▶ **INSTRUCTIONS TO FOLLOW**
Transcribe the listing below exactly, without pictures.

▶ **DATASET RECORDS**
★ ★ ★ ★ ★
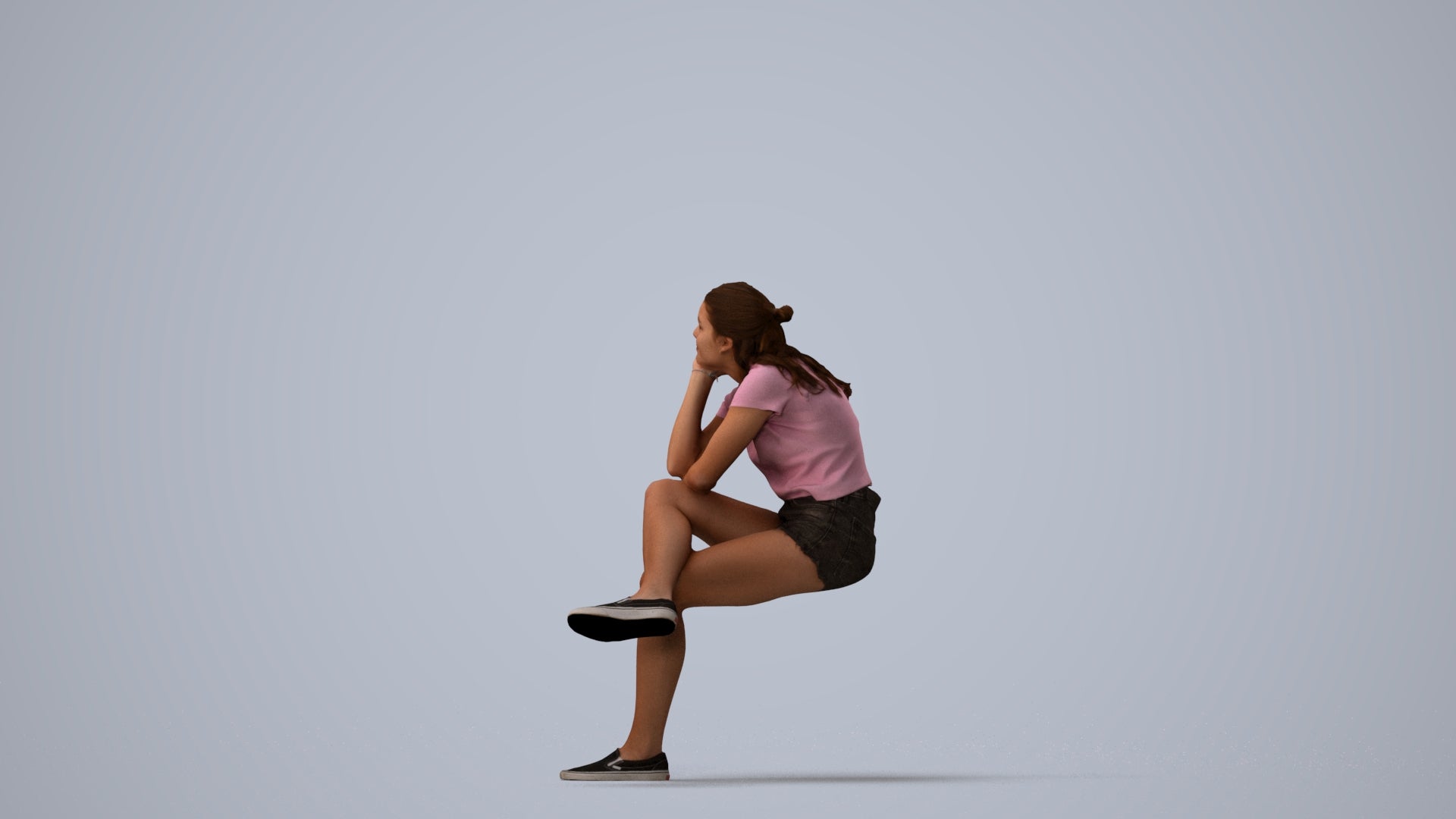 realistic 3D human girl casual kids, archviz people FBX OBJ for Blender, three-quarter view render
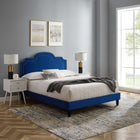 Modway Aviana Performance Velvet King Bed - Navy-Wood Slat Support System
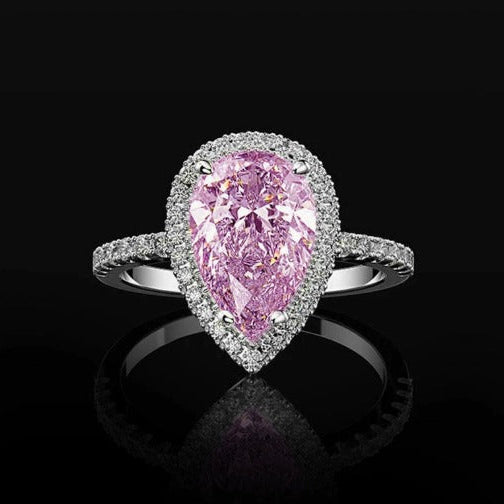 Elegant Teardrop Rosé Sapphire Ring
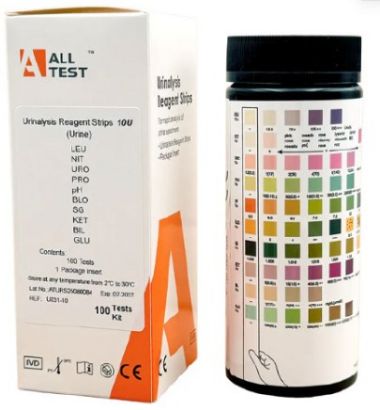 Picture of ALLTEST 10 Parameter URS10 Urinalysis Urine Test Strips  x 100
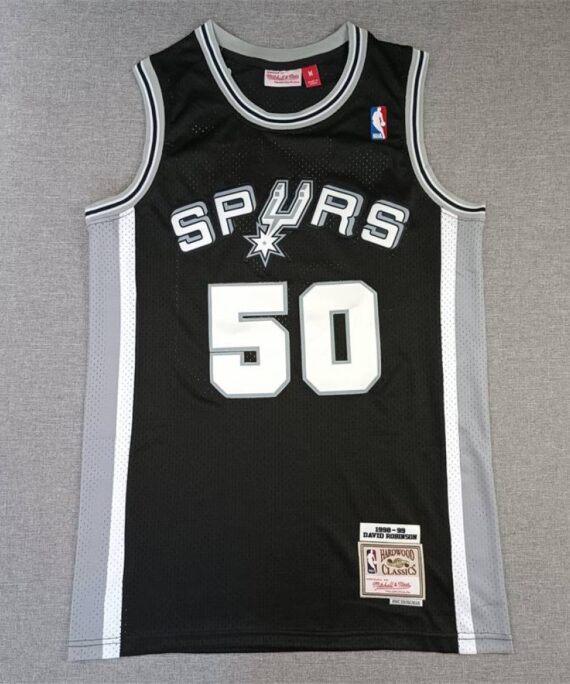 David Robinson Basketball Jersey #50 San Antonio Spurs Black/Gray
★ ★ ★ ★ ★
▶ **SOLUTION TO THIS EXERCISE**
 realistic 3D human girl casual kids, archviz people FBX OBJ for Blender, three-quarter view render
 Modway Aviana Performance Velvet King Bed - Navy-Wood Slat Support System
 Elegant Teardrop Rosé Sapphire Ring
 Picture of ALLTEST 10 Parameter URS10 Urinalysis Urine Test Strips  x 100
 David Robinson Basketball Jersey #50 San Antonio Spurs Black/Gray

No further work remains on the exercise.